> _WHAT TO DO_
Please copy, exactly as they appear below, the lines from the one containing "SARO LIFESTYLE Bright" through the one containing "Sandals Flip Flops".

═════ DATA FOR THE TASK

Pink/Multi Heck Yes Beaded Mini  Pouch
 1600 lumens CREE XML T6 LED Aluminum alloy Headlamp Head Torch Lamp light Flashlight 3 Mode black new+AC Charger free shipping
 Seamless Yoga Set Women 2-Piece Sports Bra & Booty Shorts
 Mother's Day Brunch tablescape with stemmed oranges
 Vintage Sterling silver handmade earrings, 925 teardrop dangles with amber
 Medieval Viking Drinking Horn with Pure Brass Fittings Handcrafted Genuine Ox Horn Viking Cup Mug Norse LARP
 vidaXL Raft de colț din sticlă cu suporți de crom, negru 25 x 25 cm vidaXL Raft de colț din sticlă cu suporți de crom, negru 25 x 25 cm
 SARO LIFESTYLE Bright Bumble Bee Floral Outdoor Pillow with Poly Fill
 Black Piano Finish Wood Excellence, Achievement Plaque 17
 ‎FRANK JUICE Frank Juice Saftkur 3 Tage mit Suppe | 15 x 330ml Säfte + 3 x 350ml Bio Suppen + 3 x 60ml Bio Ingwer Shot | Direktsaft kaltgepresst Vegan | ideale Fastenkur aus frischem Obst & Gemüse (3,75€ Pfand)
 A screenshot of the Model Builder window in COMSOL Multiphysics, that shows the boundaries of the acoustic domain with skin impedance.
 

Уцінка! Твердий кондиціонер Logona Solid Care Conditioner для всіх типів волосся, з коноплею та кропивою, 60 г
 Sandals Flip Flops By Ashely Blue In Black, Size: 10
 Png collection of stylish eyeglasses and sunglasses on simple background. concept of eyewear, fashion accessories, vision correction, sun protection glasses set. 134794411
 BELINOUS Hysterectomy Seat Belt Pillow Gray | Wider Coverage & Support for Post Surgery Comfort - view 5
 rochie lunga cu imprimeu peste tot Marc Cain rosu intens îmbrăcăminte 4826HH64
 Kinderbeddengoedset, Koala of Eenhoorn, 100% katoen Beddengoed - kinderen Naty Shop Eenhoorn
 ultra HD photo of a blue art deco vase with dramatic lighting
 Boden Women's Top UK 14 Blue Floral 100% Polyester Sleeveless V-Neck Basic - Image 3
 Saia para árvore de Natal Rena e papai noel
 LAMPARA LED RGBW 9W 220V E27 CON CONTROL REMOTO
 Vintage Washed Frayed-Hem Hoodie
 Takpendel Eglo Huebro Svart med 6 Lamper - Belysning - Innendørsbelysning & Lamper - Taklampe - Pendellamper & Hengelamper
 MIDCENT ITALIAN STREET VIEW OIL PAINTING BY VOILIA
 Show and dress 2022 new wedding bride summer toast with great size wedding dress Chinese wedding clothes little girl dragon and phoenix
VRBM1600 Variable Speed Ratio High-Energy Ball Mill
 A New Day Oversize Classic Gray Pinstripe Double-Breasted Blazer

══════════

> _RESPONSE AREA_
 SARO LIFESTYLE Bright Bumble Bee Floral Outdoor Pillow with Poly Fill
 Black Piano Finish Wood Excellence, Achievement Plaque 17
 ‎FRANK JUICE Frank Juice Saftkur 3 Tage mit Suppe | 15 x 330ml Säfte + 3 x 350ml Bio Suppen + 3 x 60ml Bio Ingwer Shot | Direktsaft kaltgepresst Vegan | ideale Fastenkur aus frischem Obst & Gemüse (3,75€ Pfand)
 A screenshot of the Model Builder window in COMSOL Multiphysics, that shows the boundaries of the acoustic domain with skin impedance.
 

Уцінка! Твердий кондиціонер Logona Solid Care Conditioner для всіх типів волосся, з коноплею та кропивою, 60 г
 Sandals Flip Flops By Ashely Blue In Black, Size: 10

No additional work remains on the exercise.